Prophecy Datasets Config¶

Defines dataset defaults as well as per-dataset configurations.

When Alchemist needs to find a configuration for a specific dataset, it follows a certain order of priority. This process is case-insensitive, meaning it doesn't matter if the names are in uppercase or lowercase.

First Priority - Schema and Dataset Name Combination: If a schema name is known/provided, Alchemist first tries to find a configuration that matches the combination of the schema name and the dataset name. The schema name and dataset name are combined using a period ('.'). For example, if the schema name is 'Schema1' and the dataset name is 'Dataset1', Alchemist looks for a configuration with the key 'Schema1.Dataset1' ignoring the case.
Second Priority - Dataset Name Only: If Alchemist can't find a configuration that matches the schema and dataset name combination, or if no schema name is provided, it then tries to find a configuration that matches the dataset name only.
Third Priority - Default Configuration: If Alchemist can't find a configuration that matches the dataset name, it then uses the default configuration

Here's an example of how these configurations might look in a YAML file:

datasets_config:
  default_format: delta
  default_type: File
  default_db_provider: HIVE
  default_db_file_format: DELTA
  name_to_config:
    Schema1.Dataset1:
      name: NewDatasetName
      schema_or_path: other_schema
    Dataset2:
      name: NewDatasetName2
    schema1.Dataset&mv:
      name: {Config.dynamic_name}
      schema_or_path: some_schema
      unity_catalog: non_default_catalog
      format_: catalogTable
      type_: database
      db_provider: delta
      db_file_format: delta

In this example, there are three dataset configurations. The first configuration is for 'Schema1.Dataset1', for which both schema and name will be changed. The second configuration is for any 'Dataset2' in any schema - the new name will be used, but the schema will depend on the schemas_config. And the last one showcase how a dynamic name in SAS DI (one using macrovars) is ocnverted into a dynamic named in Prophecy, as well the fact that each config can override defauls. For all other datasets, the default configuration is used.

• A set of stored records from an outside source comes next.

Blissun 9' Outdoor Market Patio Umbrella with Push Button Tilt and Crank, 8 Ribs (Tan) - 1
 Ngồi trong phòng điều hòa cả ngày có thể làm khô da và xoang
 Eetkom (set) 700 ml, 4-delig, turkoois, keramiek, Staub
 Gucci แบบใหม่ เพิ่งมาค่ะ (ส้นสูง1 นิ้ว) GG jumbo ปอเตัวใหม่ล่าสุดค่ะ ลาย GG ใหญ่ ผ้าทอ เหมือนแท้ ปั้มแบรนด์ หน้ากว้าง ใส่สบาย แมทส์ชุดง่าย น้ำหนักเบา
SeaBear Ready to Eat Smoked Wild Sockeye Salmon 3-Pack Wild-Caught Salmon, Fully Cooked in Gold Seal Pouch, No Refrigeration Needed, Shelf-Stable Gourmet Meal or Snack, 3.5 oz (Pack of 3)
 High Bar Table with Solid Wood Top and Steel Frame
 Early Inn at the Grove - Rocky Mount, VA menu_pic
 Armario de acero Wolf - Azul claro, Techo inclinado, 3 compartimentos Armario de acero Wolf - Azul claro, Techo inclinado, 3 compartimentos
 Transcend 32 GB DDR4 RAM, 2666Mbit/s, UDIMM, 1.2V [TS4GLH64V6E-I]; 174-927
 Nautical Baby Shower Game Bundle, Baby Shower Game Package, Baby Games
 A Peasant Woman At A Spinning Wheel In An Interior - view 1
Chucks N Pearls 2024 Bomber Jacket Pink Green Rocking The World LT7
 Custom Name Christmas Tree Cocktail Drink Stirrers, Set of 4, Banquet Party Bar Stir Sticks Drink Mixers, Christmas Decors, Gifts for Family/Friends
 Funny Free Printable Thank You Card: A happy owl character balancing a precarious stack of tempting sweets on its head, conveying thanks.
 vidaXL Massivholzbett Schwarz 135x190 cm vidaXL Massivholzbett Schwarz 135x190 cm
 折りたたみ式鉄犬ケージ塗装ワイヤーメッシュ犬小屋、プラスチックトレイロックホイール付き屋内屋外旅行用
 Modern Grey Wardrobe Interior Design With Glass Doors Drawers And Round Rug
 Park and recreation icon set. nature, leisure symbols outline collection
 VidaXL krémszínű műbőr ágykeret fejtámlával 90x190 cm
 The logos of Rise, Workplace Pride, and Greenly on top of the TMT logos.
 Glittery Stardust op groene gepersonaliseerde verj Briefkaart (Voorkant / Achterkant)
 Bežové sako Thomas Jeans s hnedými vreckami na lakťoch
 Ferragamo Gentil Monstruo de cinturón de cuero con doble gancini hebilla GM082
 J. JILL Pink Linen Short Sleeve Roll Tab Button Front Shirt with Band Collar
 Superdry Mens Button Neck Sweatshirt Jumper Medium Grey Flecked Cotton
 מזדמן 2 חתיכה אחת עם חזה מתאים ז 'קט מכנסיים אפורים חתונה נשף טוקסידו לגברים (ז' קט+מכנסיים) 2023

Field	Description	Default Value
default_format	Default format for datasets.	delta
default_type	Default type for datasets.	File
default_db_provider	Default database provider for datasets.	HIVE
default_db_file_format	Default database file format for datasets.	DELTA
name_to_config	Mapping of dataset names to individual dataset configs	{ }

Prophecy Dataset Config¶

Field	Description	Default Value
name	A new name to use in the target. If not set, the original lowercased name will be used.	Not set
schema_or_path	Schema name or path to the dataset. If not set, the schemas config will be used to resolve the schema.	Not set
unity_catalog	Unity catalog name. If not set, the schemas config will be used to resolve the catalog.	Not set
format_	Dataset format. If not set, `default_format` from the datasets config will be used.	Not set
type_	Dataset type. If not set, `default_type` from the datasets config will be used.	Not set
db_provider	Specifies the provider of the database. Only use when format_=CATALOGTABLE and type_=DATABASE. If not set, `default_db_provider` from the datasets config will be used.	Not set
db_file_format	Specifies table file format. Only use when format_=CATALOGTABLE and type_=DATABASE. If not set, `default_db_file_format` from the datasets config will be used.	Not set

Prophecy Custom Gem Definition¶

This config is used to make Alchemist aware about custom gems available in the target Prophecy environment and enable usage of Custom gems in conversion and templates. A custom gem is defined by its gem_id and project_name.

Fields¶

Field	Description
`gem_id`	The unique identifier for the custom gem.
`project_name`	The name of the project that the custom gem belongs to.

Example¶

Here's an example of how you can define a custom gem in your configuration:

converter:
  custom_gems:
    newGemType:
      gem_id: gitUri=https://<your_prophecy_git_path>/gem-builder.git&subPath=/prophecy&tag=release-tag&projectSubscriptionProjectId=12345&path=gems/newGemType
      project_name: your-project-name

In this example, a new custom gem type called newGemType is defined. The gem_id is a unique identifier that includes the Git URI of the gem, the subpath within the repository, the release tag, the project subscription project ID, and the path to the gem. The project_name is the name of the project that the gem belongs to.

Enforce Schema Config¶

This configuration is used to ensure explicit dataframe schemas for the Prophecy Pipeline. If the option is enabled, Alchemist will add extra Reformat GEMs to the matched Transform nodes. The columns of the Reformat will be determined based on the original table metadata.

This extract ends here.